The woman looked at him calmly and waited for him to speak.  There was no
fear on her face, not even surprise; nothing but steady inquiry and quiet
self-possession.  With an air of bluster the man said:

"Aha, my lady, I'm nearer than you thought--me!"  The child drew in to
its mother's side and clasped her hand.  There was no fear in the little
fellow's look, however; he had something of the same self-possession as
the woman, and his eyes were like hers, clear, unwavering, and with a
frankness that consumed you.  They were wells of sincerity; open-eyed,
you would have called the child, wanting a more subtle description.

"I'm not to be fooled-me!  Come now, let's have the count," said the man,
as he whipped a greasy leather-covered book from his pocket.  "Sapristi,
I'm waiting.  Stay yourself!" he added roughly as she moved on, and his
greyish-yellow face had an evil joy at thought of the brutal work in
hand.

"Who are you?" she asked, but taking her time to speak.

"Dame!  you know who I am."

"I know what you are," she answered quietly.

He did not quite grasp her meaning, but the tone sounded contemptuous,
and that sorted little with his self-importance.

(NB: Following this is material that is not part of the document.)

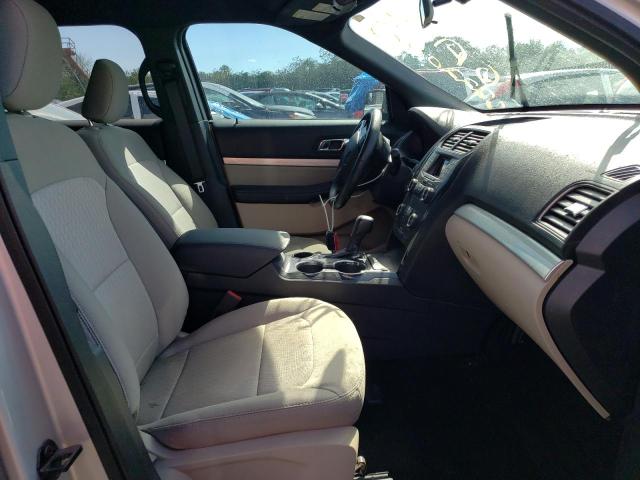 Photo 5 from auction – 2019 FORD EXPLORER with VIN 1FM5K7B89KGA45004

"I'm the Seigneur's bailiff--that's who I am.  Gad'rabotin, don't you put
on airs with me!  I'm for the tribute, so off with the bag and let's see
your catch."

"I have never yet paid tribute to the seigneur of the manor."

"Well, you'll begin now.  I'm the new bailiff, and if you don't pay your
tale, up you come to the court of the fief to-morrow."

She looked him clearly in the eyes.  "If I were a man, I should not pay
the tribute, and I should go to the court of the fief to-morrow, but
being a woman--"

She clasped the hand of the child tightly to her for an instant, then
with a sigh she took the basket from her shoulders and, opening it,
added:

"But being a woman, the fish I caught in the sea that belongs to God and
to all men I must divide with the Seigneur whose bailiff spies on poor
fisher-folk."

The man growled an oath and made a motion as though he would catch her by
the shoulder in anger, but the look in her eyes stopped him.  Counting
out the fish, and giving him three out of the eight she had caught, she
said:

"It matters not so much to me, but there are others poorer than I, they
suffer."

With a leer the fellow stooped, and, taking up the fish, put them in the
pockets of his queminzolle, all slimy from the sea as they were.

"Ba su, you haven't got much to take care of, have you?  It don't take
much to feed two mouths--not so much as it does three, Ma'm'selle."

Before he had ended, the woman, without reply to the insult, took the
child by the hand and moved along her homeward path towards Plemont.

"A bi'tot, good-bye!" the bailiff laughed brutally.  Standing with his
legs apart and his hands fastened on the fish in the pockets of his long
queminzolle, he called after her in sneering comment: "Ma fistre, your
pride didn't fall--ba su!"  Then he turned on his heel.

"Eh ben, here's mackerel for supper," he added as he mounted his horse.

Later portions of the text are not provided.